Richer countries fared even worse, losing more than half their games (53.8%). Both at home and at neutral fields they also fared poorly (winning only 45.8% and 48.1% of their matches respectively).

The best predictor of international football matches (at least in the data I had available) was whether the team was playing at home: home teams won 60.1% of the time.

To look more closely at population and winning I plotted teams that had played more than three international matches in the past year against their population. There were 410 total games that met this criteria. I also plotted a linear trend line in red, which as the figures above suggest, slopes upward ever so slightly.

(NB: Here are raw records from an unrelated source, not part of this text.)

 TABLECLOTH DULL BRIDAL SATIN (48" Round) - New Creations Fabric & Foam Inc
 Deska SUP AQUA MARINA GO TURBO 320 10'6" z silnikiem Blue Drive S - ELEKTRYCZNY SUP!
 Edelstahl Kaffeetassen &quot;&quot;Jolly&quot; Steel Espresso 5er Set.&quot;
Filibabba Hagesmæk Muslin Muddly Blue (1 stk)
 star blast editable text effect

population_vs_winning_perct.png

Although 527 games is a lot, it’s only a single year’s worth of data. It may be possible that this year was an anomaly and I’m working on collecting a larger set of data. As the chart above suggests many countries have a population around 100 million or less and so it would perhaps be surprising if countries with a few million more or fewer people had significantly different outcomes in their matches. But we can test this too…

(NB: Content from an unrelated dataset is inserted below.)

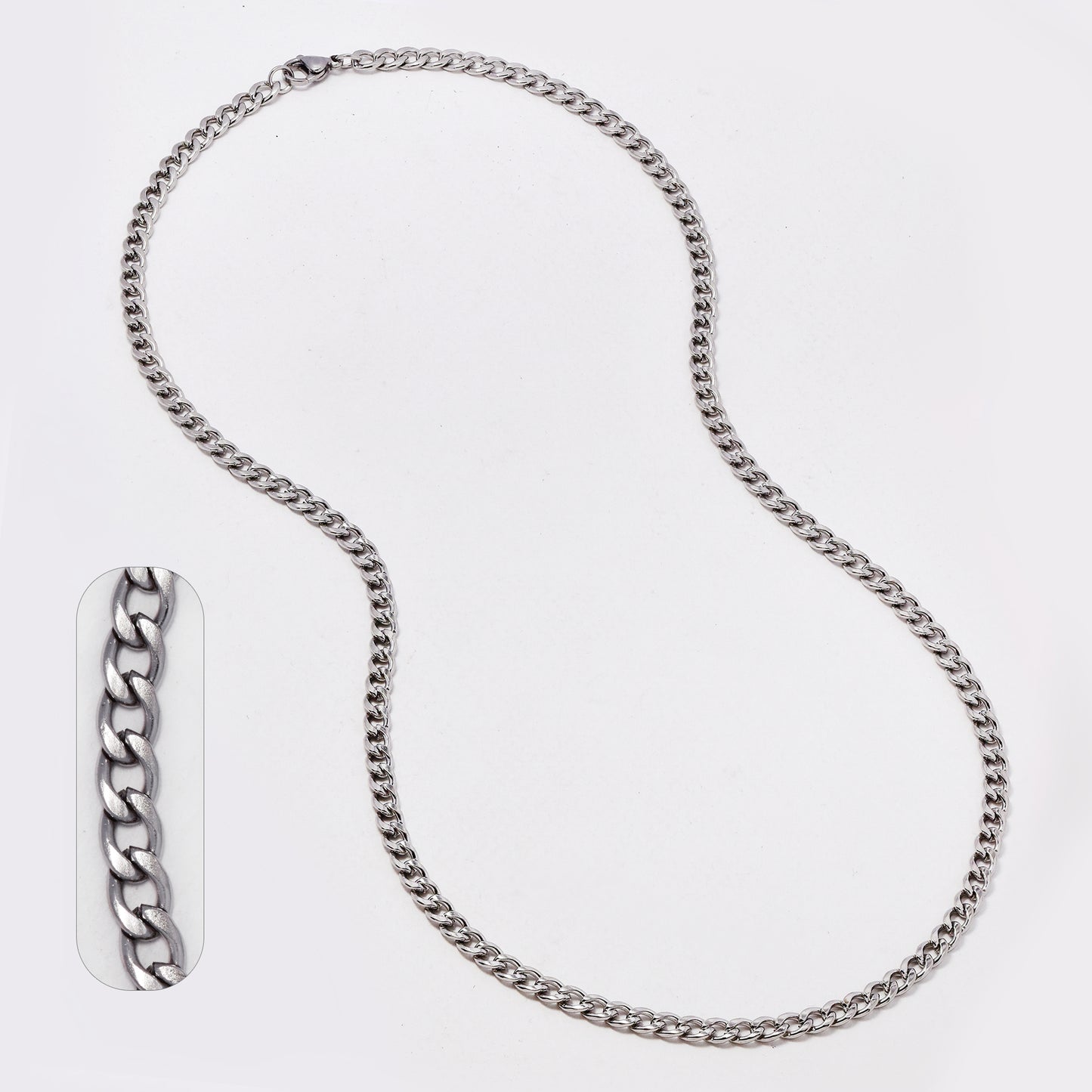 SSCURB-S-4.5X55 - Steel 4.5mm x 55cm curb chain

When two countries whose population difference is less than 1 million play against one another the more populous country actually losses 55.9% of the time. When two countries are separated by less than 5 million people the more populous country wins slightly more than random chance with a winning percentage of 52.1%. But large population differences (greater than 50 million inhabitants) does not translate into more victories. They win just 51.2% of the time. So perhaps surprisingly the small sample of data I have suggests that population differences matter more when the differences are smaller (of course this could be spurious).

This can be further seen below in a slightly different view of the chart above that exchanges the axes and limits teams to those countries with less than 100 million people.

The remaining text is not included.